Succession as defined under Art. 774 of the New Civil Code is a mode of acquisition by virtue of which the property, rights and obligations to the extent of the value of the inheritance, of a person are transmitted through his death to another or others either by his will or by operation of law

There are two kinds of successors:

Compulsory heirs refer to the legitime reserved by law, and who succeed whether the testator likes it or not. 

Voluntary heirs refer to the person other than the compulsory heirs. 

Art. 775. In this Title, "decedent" is the general term applied to the person whose property is transmitted through succession, whether or not he left a will. If he left a will, he is also called the testator. (n)

Art. 776. The inheritance includes all the property, rights and obligations of a person which are not extinguished by his death. (659)

Art. 777. The rights to the succession are transmitted from the moment of the death of the decedent. (657a)

Art. 778. Succession may be:

(1) Testamentary;

(2) Legal or intestate; or

(3) Mixed. (n)

Art. 779. Testamentary succession is that which results from the designation of an heir, made in a will executed in the form prescribed by law. (n)

Art. 780. Mixed succession is that effected partly by will and partly by operation of law. (n)

Art. 781. The inheritance of a person includes not only the property and the transmissible rights and obligations existing at the time of his death, but also those which have accrued thereto since the opening of the succession. (n)

Art. 782. An heir is a person called to the succession either by the provision of a will or by operation of law.

Devisees and legatees are persons to whom gifts of real and personal property are respectively given by virtue of a will. (n) 


Art. 783. A will is an act whereby a person is permitted, with the formalities prescribed by law, to control to a certain degree the disposition of this estate, to take effect after his death. (667a)

Art. 784. The making of a will is a strictly personal act; it cannot be left in whole or in part of the discretion of a third person, or accomplished through the instrumentality of an agent or attorney. (670a)

Art. 785. The duration or efficacy of the designation of heirs, devisees or legatees, or the determination of the portions which they are to take, when referred to by name, cannot be left to the discretion of a third person. (670a)
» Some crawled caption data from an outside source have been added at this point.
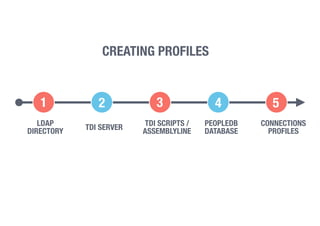 2 4
LDAP
DIRECTORY TDI SERVER
TDI SCRIPTS /
ASSEMBLYLINE
PEOPLEDB
DATABASE
CONNECTIONS
PROFILES
CREATING PROFILES
31 5
 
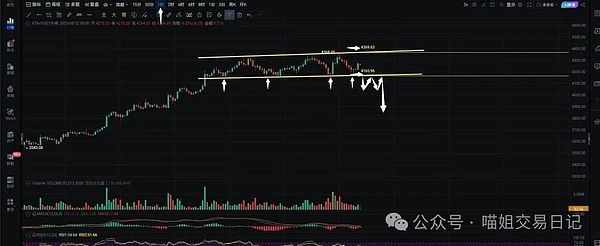 国家大基金三期：突破卡脖子困境的关键一步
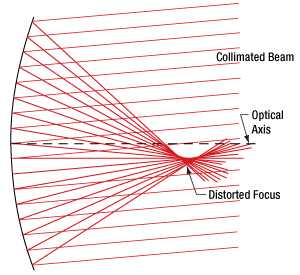 Практическое использование единиц измерения кривизны в оптических системах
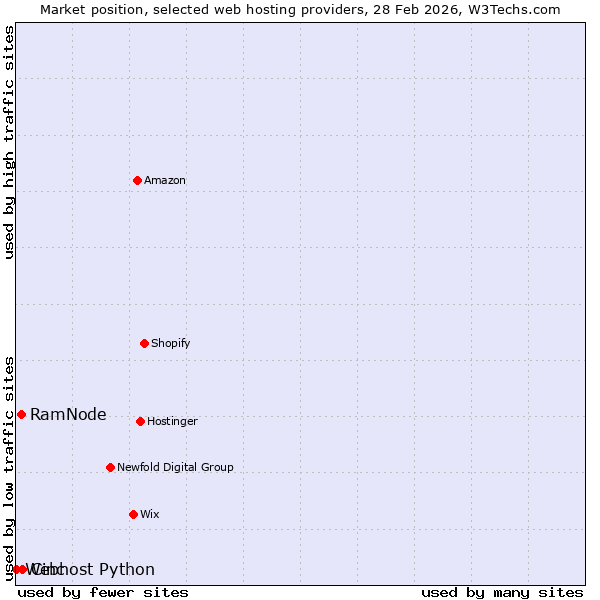 Market position of Cinc vs. RamNode vs. Webhost Python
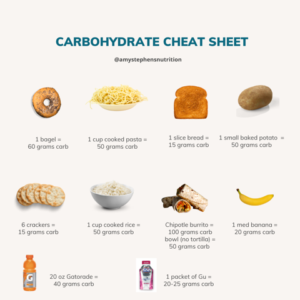 carbohydrate cheat sheet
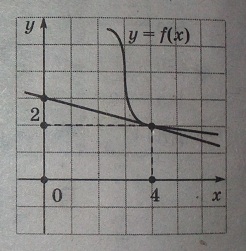 На рисунке изображен график функции y=f(x) и касательная к этому графику, проведенная в точке с абсциссой 4. Найдите значение производной функции y=f(x) в точке Х0=4.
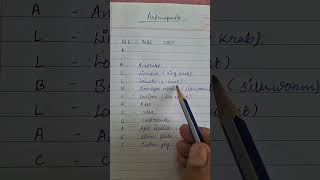 Arthropoda phylum examples mnemonic shorts ytshorts animalkingdom [upl. by Chilton]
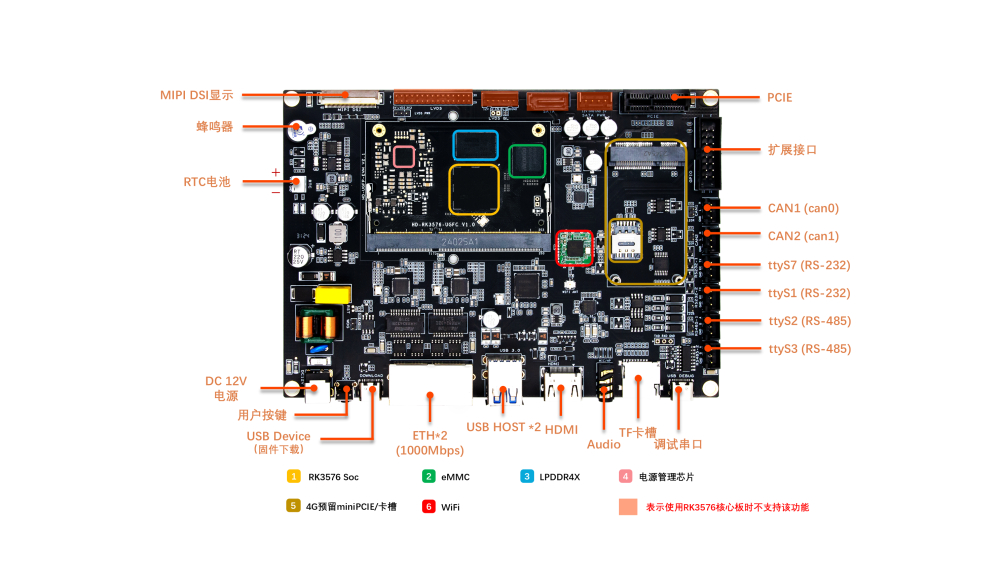 rk3576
Art. 786. The testator may entrust to a third person the distribution of specific property or sums of money that he may leave in general to specified classes or causes, and also the designation of the persons, institutions or establishments to which such property or sums are to be given or applied. (671a)

Art. 787. The testator may not make a testamentary disposition in such manner that another person has to determine whether or not it is to be operative. (n)

Art. 788. If a testamentary disposition admits of different interpretations, in case of doubt, that interpretation by which the disposition is to be operative shall be preferred. (n)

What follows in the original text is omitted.